# Find the equation of the circle passing …

Find the equation of the circle passing through the points $P(5,7)$, $Q(6,6)$ and $R(2,-2)$.

My Attempt:

Let the equation of the circle be: $$x^2+y^2+2gx+2fy+c=0$$

The point $P(5,7)$ lies on the circle then, $$5^2+7^2+10g+14f+c=0$$ $$10g+14f+c=-74$$-----(1)

The point $Q(6,6)$ lies on the circle then, $$6^2+6^2+12g+12f+c=0$$ $$12g+12f+c=-72$$-------(2)

The point $R(2,-2)$ lies on the circle the, $$2^2+(-2)^2+4g-4f+c=0$$ $$4g-4f+c=0$$-----(3).

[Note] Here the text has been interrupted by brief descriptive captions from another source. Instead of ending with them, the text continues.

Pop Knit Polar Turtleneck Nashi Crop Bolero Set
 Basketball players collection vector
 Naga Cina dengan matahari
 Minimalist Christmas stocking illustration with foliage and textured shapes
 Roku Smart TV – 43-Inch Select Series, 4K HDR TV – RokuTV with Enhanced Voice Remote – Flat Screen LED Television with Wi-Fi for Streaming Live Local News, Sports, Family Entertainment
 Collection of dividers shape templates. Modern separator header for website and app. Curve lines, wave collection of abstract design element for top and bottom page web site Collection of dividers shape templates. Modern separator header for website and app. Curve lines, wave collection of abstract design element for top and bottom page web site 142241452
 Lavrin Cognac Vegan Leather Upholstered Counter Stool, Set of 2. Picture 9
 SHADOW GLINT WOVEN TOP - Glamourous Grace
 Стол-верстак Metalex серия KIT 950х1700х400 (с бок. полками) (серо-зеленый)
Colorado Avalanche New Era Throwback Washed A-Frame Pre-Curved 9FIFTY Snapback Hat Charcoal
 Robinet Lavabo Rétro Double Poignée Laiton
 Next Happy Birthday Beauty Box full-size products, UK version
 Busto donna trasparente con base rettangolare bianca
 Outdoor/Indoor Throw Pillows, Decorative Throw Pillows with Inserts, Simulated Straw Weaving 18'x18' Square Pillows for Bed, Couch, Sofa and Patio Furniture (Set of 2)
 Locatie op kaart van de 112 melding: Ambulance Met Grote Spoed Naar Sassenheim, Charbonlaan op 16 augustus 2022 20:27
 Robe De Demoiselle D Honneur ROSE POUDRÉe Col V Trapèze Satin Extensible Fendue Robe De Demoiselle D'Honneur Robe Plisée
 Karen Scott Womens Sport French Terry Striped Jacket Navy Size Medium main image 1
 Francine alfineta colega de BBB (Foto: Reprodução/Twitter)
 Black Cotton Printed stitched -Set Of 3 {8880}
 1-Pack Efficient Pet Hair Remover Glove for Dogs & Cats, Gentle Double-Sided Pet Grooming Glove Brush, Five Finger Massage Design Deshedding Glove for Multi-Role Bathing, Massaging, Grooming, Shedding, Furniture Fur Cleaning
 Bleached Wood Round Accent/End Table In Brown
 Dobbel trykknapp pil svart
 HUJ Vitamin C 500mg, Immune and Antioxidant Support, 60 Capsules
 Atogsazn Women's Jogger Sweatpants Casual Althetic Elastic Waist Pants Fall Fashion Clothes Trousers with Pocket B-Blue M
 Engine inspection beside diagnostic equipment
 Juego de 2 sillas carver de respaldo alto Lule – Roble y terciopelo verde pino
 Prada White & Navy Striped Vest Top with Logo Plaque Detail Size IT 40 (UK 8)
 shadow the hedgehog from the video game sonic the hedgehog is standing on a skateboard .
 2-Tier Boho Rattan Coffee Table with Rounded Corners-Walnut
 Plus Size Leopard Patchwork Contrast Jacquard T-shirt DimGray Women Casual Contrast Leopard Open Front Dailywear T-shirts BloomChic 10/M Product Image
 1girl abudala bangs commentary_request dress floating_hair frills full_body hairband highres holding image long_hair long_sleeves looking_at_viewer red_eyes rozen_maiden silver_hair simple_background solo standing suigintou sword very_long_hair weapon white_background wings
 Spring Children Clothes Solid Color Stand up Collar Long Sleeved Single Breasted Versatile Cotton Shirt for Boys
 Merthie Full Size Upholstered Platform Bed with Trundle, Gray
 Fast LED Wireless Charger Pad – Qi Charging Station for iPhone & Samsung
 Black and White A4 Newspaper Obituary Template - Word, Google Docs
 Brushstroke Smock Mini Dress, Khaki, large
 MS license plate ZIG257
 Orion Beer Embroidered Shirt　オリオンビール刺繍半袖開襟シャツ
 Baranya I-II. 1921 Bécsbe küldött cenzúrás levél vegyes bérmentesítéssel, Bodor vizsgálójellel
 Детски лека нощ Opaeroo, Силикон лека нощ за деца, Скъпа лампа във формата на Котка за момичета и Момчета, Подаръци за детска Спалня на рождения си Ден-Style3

• You get a system of 3 equations and 3 unknowns that you can solve. – Markus Oct 1 '16 at 0:29
• @ Markus, I get problem in solving those equations. Could not get the answer. – pi-π Oct 1 '16 at 0:37
• Using LinAlg and a computer to row reduce, I get $g=-7/3,f=-10/3,c=-4$. – Bobson Dugnutt Oct 1 '16 at 0:45
• "Markus, I get problem in solving those equations. Could not get the answer" What'd you try. Should be straightforward. subtract 2 from 1 and you get 2g - 2f = 2 so g - f = 1. Multiply by 4 and get 4g - 4f = 4 Plug that into 3 and you get 4+c = so c = - 4. So 10g + 14f = -70 and 12g +12f = -68. Keep going. – fleablood Oct 1 '16 at 1:08

Another way to do this is to use the geometric fact that the perpendicular bisector of a chord passes through the center of a circle. The line through P(5,7) and Q(6,6)I has slope (7- 6)/(5- 6)= -1 and midpoint (11/2, 13/2). The perpendicular bisector is y= (x- 11/2)+ 13/2)= x+ 1. The line through Q(6, 6) and R(2,−2) has slope (6-(-2))/(6- 2)= 8/4= 2 and midpoint (4, 2). The perpendicular bisector is y= -(1/2)(x- 4)+ 2= -(1/2)x+ 4.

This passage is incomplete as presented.